In Tasmania, isola misteriosa e lucente dove i confini si perdono

Il primo respiro dell’aria della Tasmania è la sua presentazione più autentica: brillante di leggerezza, di purezza tagliente. Nella sua atmosfera così nitida si riflette la prossimità dei ghiacci dell’Antartide. Quest’isola grande più o meno come l’Irlanda si raggiunge in un’ora di volo da Melbourne, e anche se dista appena 250 km dall’Australia (di cui fa parte) è un mondo a sé, che dona la precisa sensazione di trovarsi lontano da ogni definizione. In tempi di filtri da social e diffuse codificazioni, raramente troverete una destinazione dove l’incontaminato tocca l’oscuro, ciò che è autentico diventa misterioso.

Per entrare nella sua ventina di riserve naturali servono precise e abbastanza costose autorizzazioni, ma varcati gli ingressi la natura toglie subito senso al concetto tutto umano di confine. Lo avvertirete lungo uno dei tanti percorsi di trekking della Tasmania: il più classico è l’Overland Track, che con i suoi 65 km attraversa il cuore dell’isola e le sue montagne, foreste e silenzi, dalla Cradle Mountain fino alle immobili acque glaciali del Lake St Clair, che gli aborigeni, originari abitanti della terra che chiamavano Lutruwita, avevano definito leeawuleena, l’acqua che dorme. Dedicato proprio al sapere e alla cultura della popolazione che per prima abitò l’isola, e che dopo 20mila anni nel 1802 vide l’arrivo degli esploratori di sua maestà britannica, è la Wukalina Walk, organizzata da guide di origine aborigena: per quattro giorni e tre notti vi condurranno fra racconti ed esperienze da wukalina (il Mount William National Park) a Larapuna (la Bay of Fires), nel nord-est dell’isola. Luci e ombre si mescolano anche nella fitta vegetazione dell’area di Tarkine, fra le più grandi e incontaminate foreste pluviali del pianeta, punteggiate dai resti delle estrazioni minerarie ottocentesche.
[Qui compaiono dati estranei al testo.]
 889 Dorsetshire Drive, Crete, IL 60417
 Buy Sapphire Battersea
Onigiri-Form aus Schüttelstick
Questa natura così intensa è stata in qualche modo addomesticata, sempre con profondo rispetto, nei piatti dei tanti luoghi che oggi rendono la Tasmania una delle mete più intriganti per i foodies. Per scoprire la sua gastronomia sono perfetti i mercati di Hobart e Launceston, le due città principali, dove si apprezza anche un certo approccio comunitario, condiviso all’agricoltura.

Fra i ristoranti più interessanti c’è il pluripremiato The Agrarian Kitchen, a New Norfolk, con un giardino che fornisce fino al 90% degli ingredienti del menù, e Stillwater, in un ex mulino del 1830 a Launceston, dove si esplorano peculiari sapori e consistenze del pescato locale.
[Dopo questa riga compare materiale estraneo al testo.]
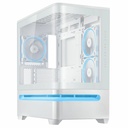 Asus Prime AP202 ARGB Computer Case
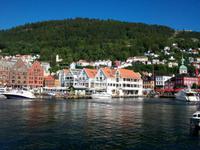 Bergen &ndash; &copy; Steffen Mucke (Eberhardt TRAVEL)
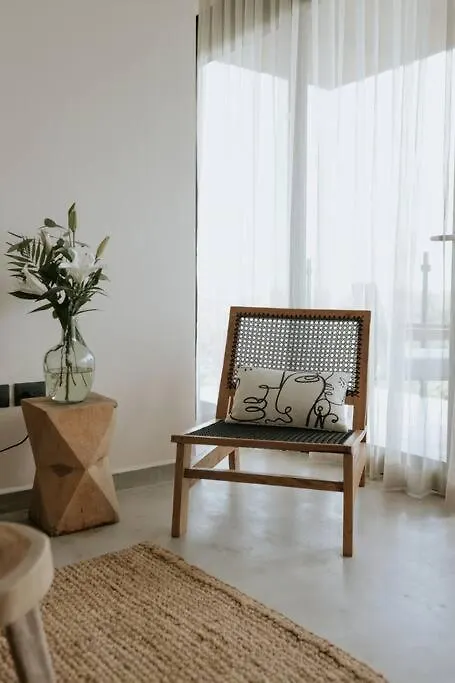 Apartment Cute Boho Penthouse 2 Bedroom Apt Tulum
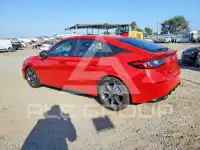 2026 Honda CIVIC photo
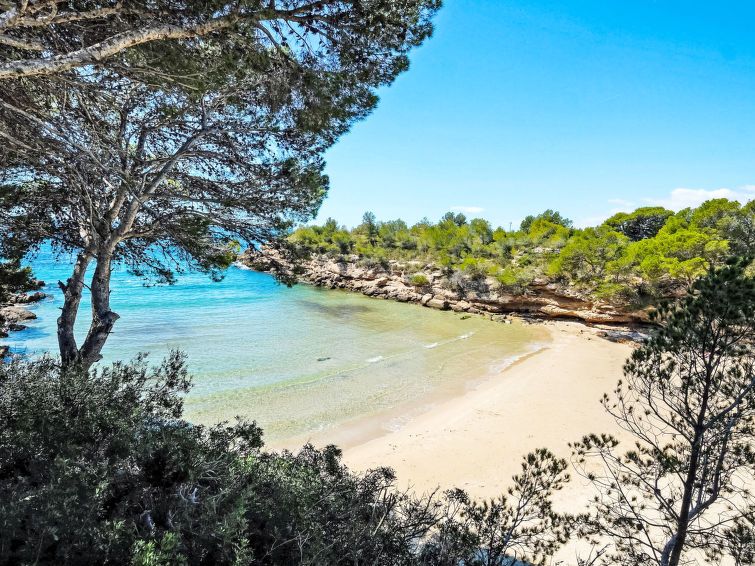 Platja Calafato photo 27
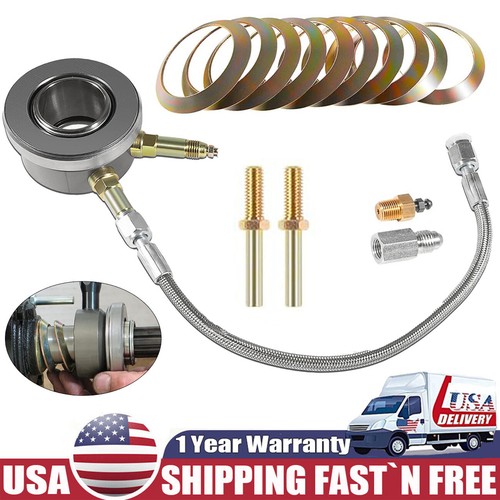 82876 stock clutch hydraulic - 82876,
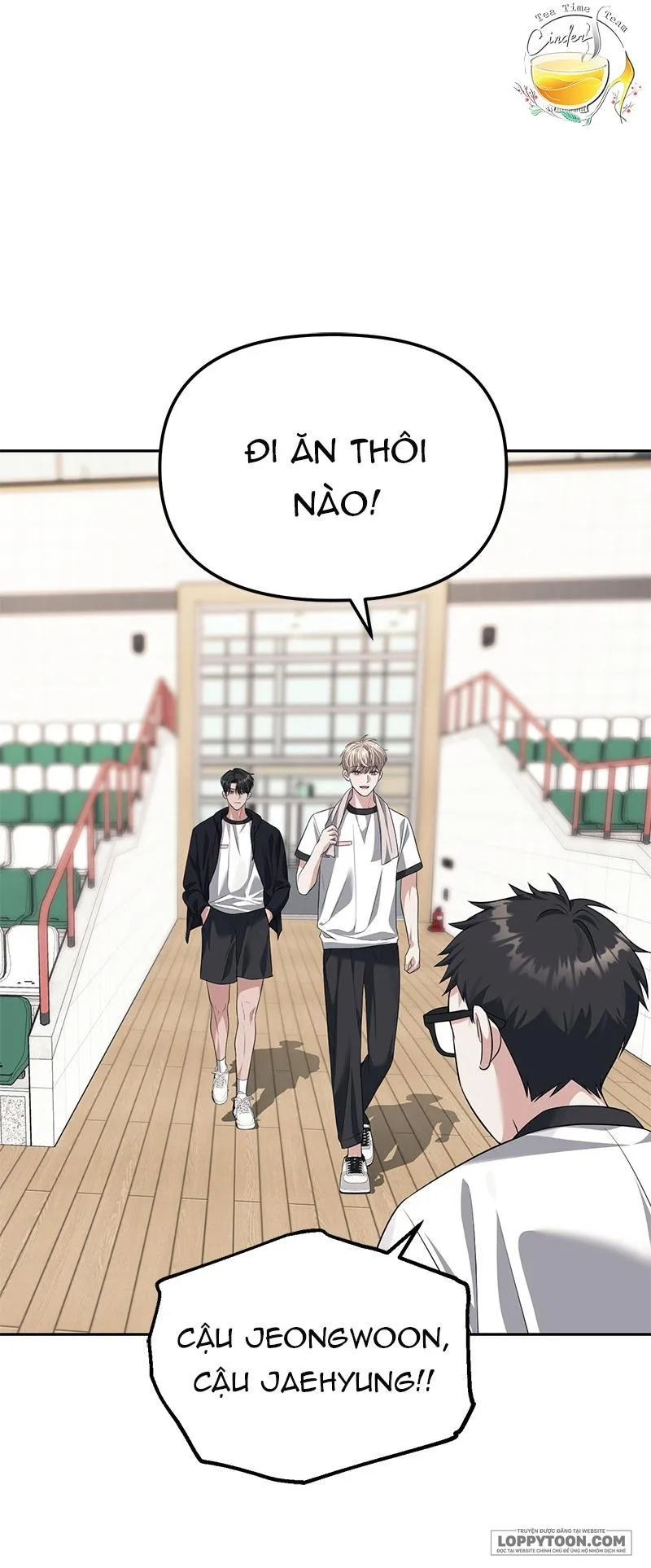 Xâm Nhập Trường Trung Học Tài Phiệt Chap 46 - trang 74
Anche nella produzione vinicola la Tasmania sta guadagnando considerazione, grazie alla peculiarità di clima e terreno che permette a vitigni pur comuni come il Pinot Nero e lo Chardonnay di arricchirsi delle note dell’oceano, pienamente riconoscibili nelle bottiglie di Cranbrook, cantina del 1875 sulla costa di Freycinet. C’è chi, fra i tanti distillatori di eccellente whisky – produzione in costante aumento – giunge a far maturare le bottiglie in barca, come Michael Briggs di Iron Horse, cantina affacciata sulla costa orientale di Four Mile Creek.